Pema Chodron (When Things Fall Apart)
All my life I have been an expert churner. I could churn the waters of my mind so adeptly that I never had any ability to see what was really lying beneath all the choppy water. Any time the choppy waters eased into steady ripples, I would hurriedly begin my churning again.
My churning methods were various throughout the years. A common one was finding a needy person and filling every second with fixing their problems. Unfortunately, my fixing abilities were not as masterful as my churning abilities. My fixing would, to my bewilderment, always look more like enabling really unhealthy behaviors.
Another common churning method was perfectionism/people-pleasing. Busying myself with saying “yes” when I wanted to say no; and saying “no” when I wanted to say “yes”.
My methods went on and on throughout the years. Stuffing my face with food, exercising compulsively, shopping frantically – because what else can hide what’s REALLY going on better than a new pair of killer shoes?
I lived in perpetual denial. Perpetually denying that there was anything underneath my choppy waters. No dead fish. No sharp rocks. No garbage. No decaying carcass. No non-biodegradable plastic.
I did not wake myself up from my denial. The catastrophic mess that was my 23rd year of life woke me up from my denial. I did choose, however, to stay awake.
My mind, my heart, my hands, my body, my emotions, my every-fiber-of-my-being was exhausted. I had been in the height of my pretending and of my “fixing” others. I had reached the peak. The peak was so narrow and so sharp; my only choice was to fall. So I let go. I plummeted. I divorced the man I married at the age of 19. A former Pastor’s Wife was now divorced. I could not fool anybody anymore. The world knew my name had now changed twice. I no longer felt that I had to be anybody I was not. The cat was out of the bag.
While I was busy letting go and plummeting off My Peak of Codependency and Perfectionism, I stopped churning. I allowed the lake of my mind to still. And I summoned all my bravery, stepped to the edge of that lake and peered in.
I saw things I did not like. I saw things I did not want. I saw things I had repressed. I saw things I was embarrassed of. I saw things I never even anticipated would be there.
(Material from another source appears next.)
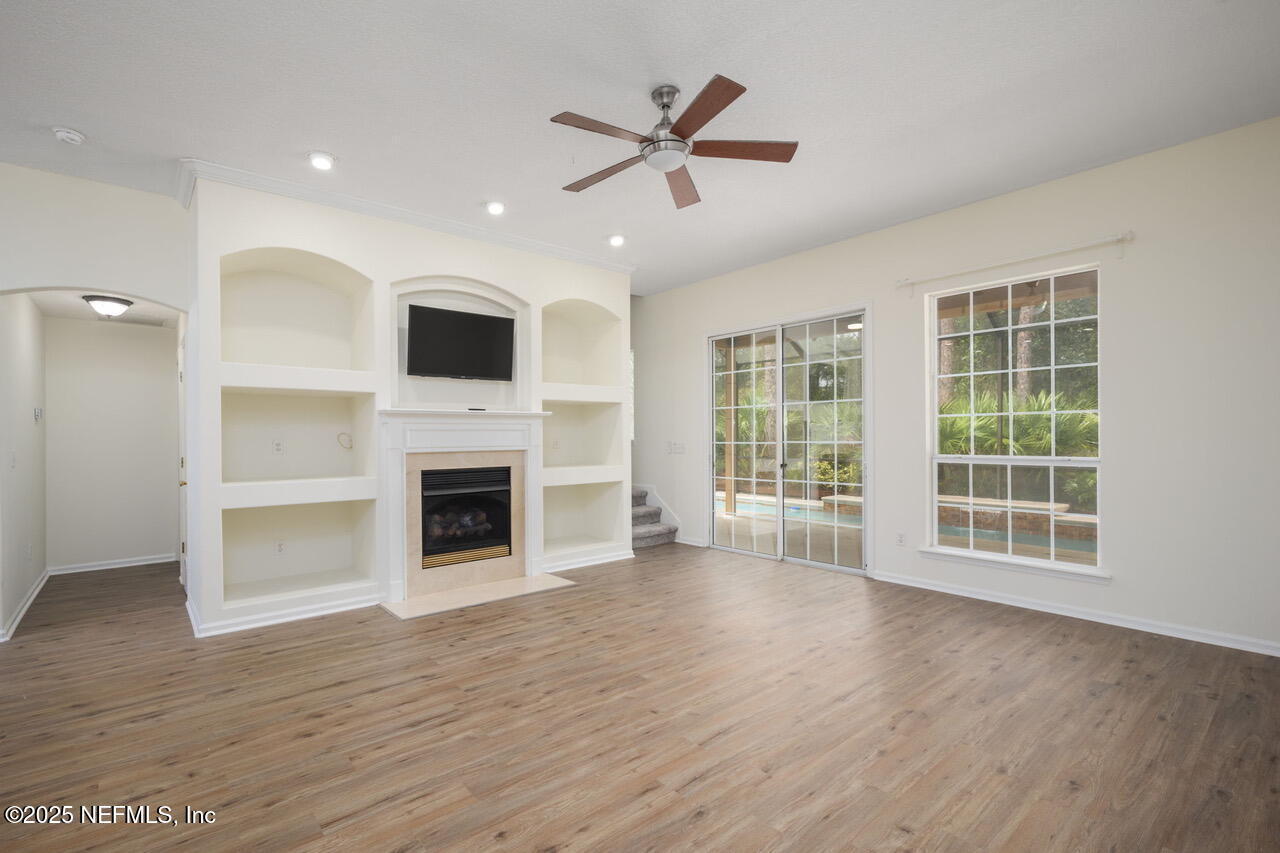 1140 Eddystone Lane Ponte Vedra, FL 32081 - Photo 11 of 29 a view of a livingroom with a fireplace a ceiling fan and wooden floor
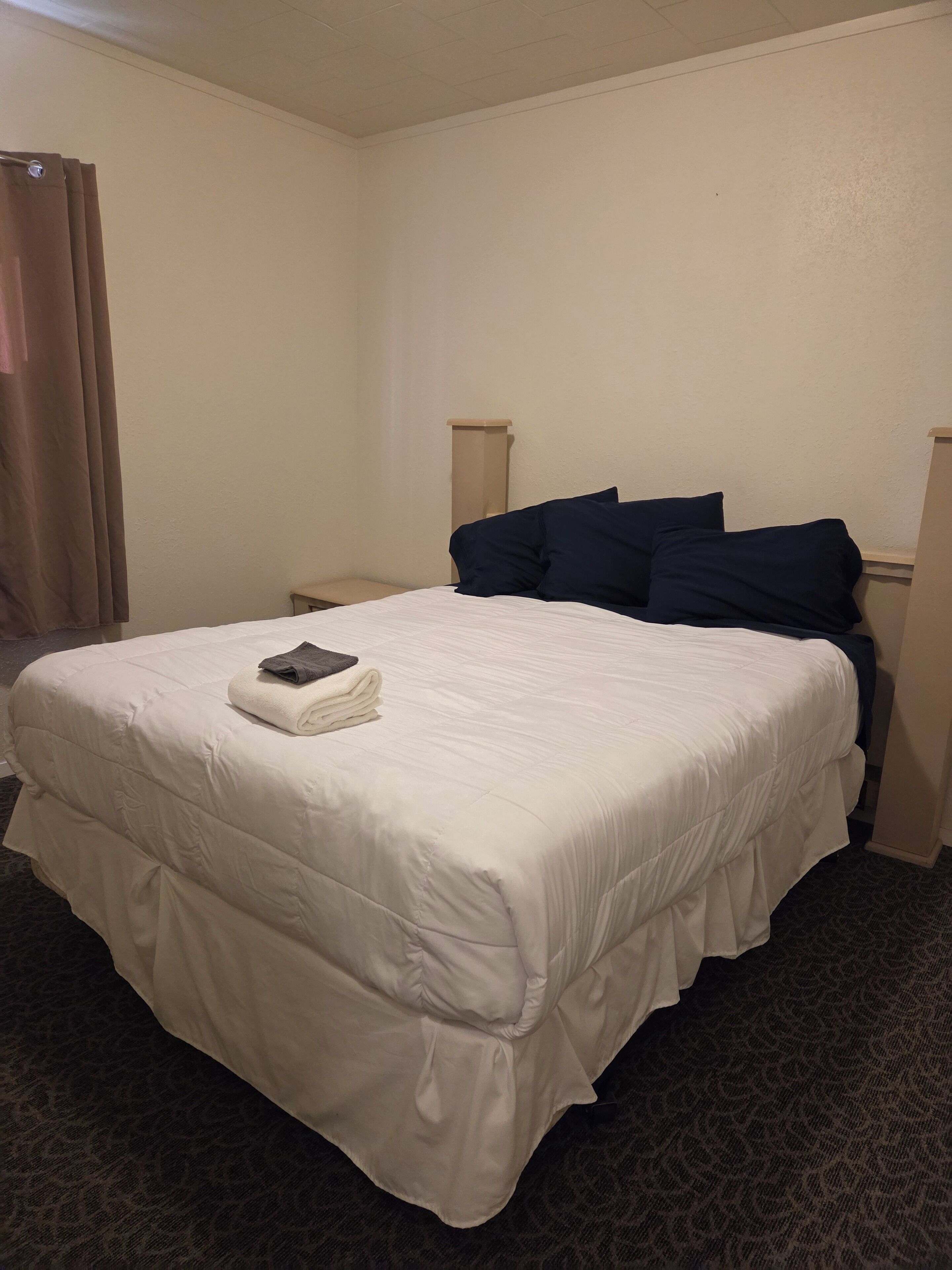 A hotel room with a large bed, a small bedside table, a lamp, and a window with curtains.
I saw some things that I had anticipated, because I may have been in denial, but I was not completely stupid.
I decided to look at them without judging them. I decided to look at them with friendliness. I stared at my tendency to busy myself by shopping. Instead of calling myself a vain, materialistic failure, I tried to figure out why I did that. I thought through how to be able to enjoy shopping without using it as a numbing technique. I examined my tendency to allow people to walk all over me. Instead of calling myself a weak nobody, I tried to figure out why I allowed people to do that. I thought through how to be able to be a kind, generous person with healthy boundaries.
When I fish out some garbage from my lake, sometimes I feel angry. Sometimes I feel scared. Sometimes I feel sad. Sometimes I feel cranky. Sometimes I feel lonely. In my churning days, these emotions would lead to even more churning. I would stuff them and find somebody else to go fix. Now I’m feeling these emotions. I can feel cranky and still brush my teeth. I can feel scared and still drive to the store. These emotions do not need to be stuffed or repressed in order to live. Living is feeling emotions. And when I allow myself to feel those emotions, I allow myself to feel their opposites. I feel more joy, more happiness, more excitement, more bliss.
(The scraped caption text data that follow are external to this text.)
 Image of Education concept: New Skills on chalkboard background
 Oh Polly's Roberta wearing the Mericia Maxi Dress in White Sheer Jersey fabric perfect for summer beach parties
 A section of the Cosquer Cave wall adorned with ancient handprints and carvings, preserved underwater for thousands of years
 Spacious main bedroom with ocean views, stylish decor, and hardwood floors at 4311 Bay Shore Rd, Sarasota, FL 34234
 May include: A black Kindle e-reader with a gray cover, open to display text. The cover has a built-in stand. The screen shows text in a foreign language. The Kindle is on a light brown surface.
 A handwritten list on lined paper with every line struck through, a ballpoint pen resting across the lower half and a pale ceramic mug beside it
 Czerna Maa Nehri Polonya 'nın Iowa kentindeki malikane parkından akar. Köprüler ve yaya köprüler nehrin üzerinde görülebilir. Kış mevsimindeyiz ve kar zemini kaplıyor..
I gifted myself with awareness. No more churning led to an awareness of my life. Awareness is empowerment. Being aware of junk allows me to start dealing with the junk. Being aware that I can not only survive, but also thrive even with the knowledge of my own “junkiness’, allows me to be kinder to myself. It also allows me to be kinder to others: both to those who are expert churners and also to those who refuse to churn and show the world the junk at the bottom of their lakes.
My life is now a still lake. You can step up to the edge and take a peak if you would like. The waters are clear enough to see what is really going on. You will see things may be scary, possibly offensive, and definitely crazy. But there may be one less dead fish than there was yesterday.
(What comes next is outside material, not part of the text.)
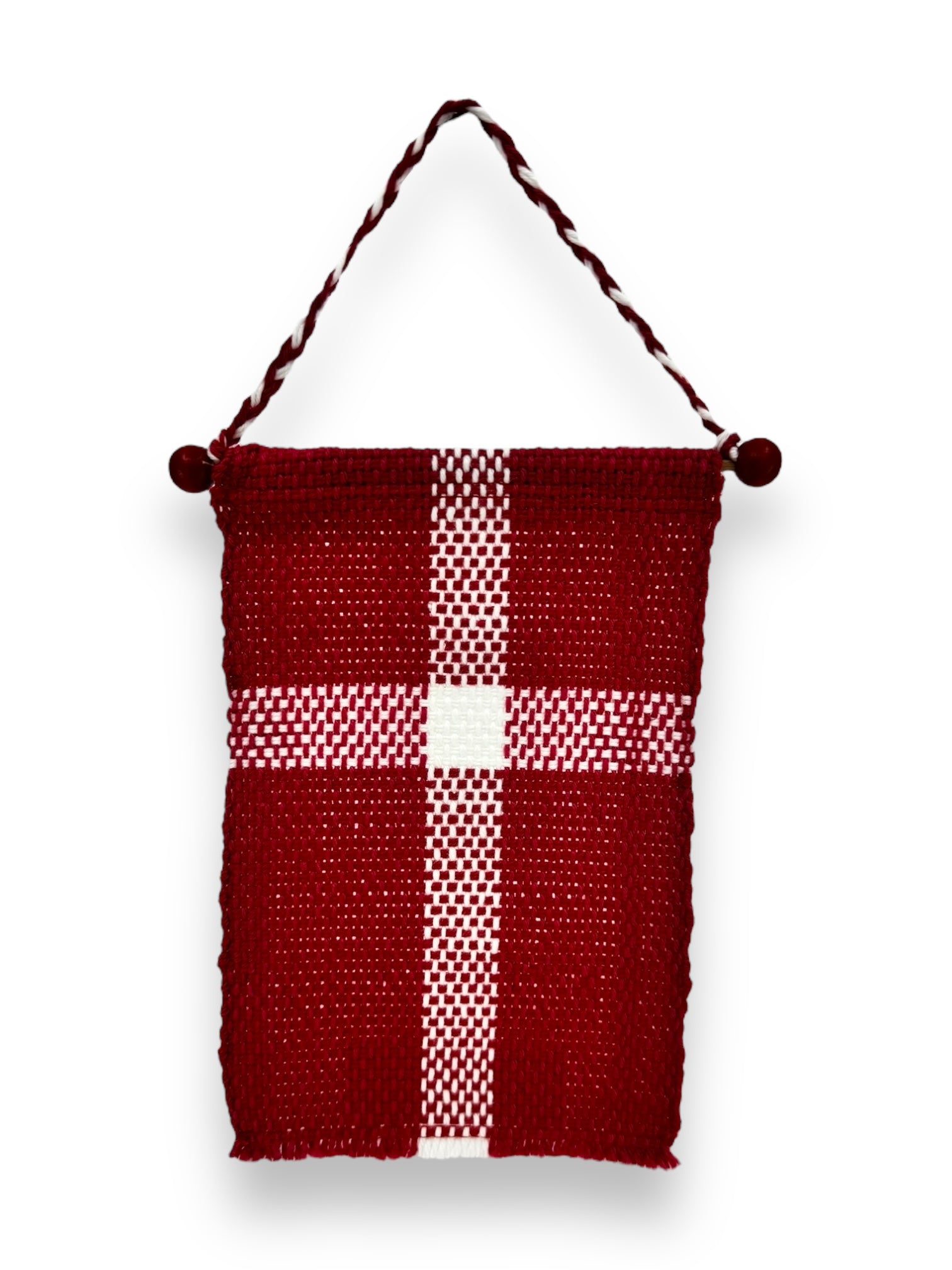 The product, named "Flag: Small Danish Flag on Hanger (6.5\"x4\")," consists of a woven pouch in red and white featuring a cross pattern similar to the Danish flag, complete with a twisted cotton cord handle adorned with decorative knots at each end.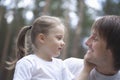 Cute Daughter Touching Father's Face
The first step toward personal freedom is awareness. We need to be aware that we are not free in order to be free. We need to be aware of what the problem is in order to solve the problem. Awareness is always the first step because if you are not aware, there is nothing you can change. If you are not aware that your mind is full of wounds and emotional poison, you cannot begin to clean and heal the wounds and you will continue to suffer.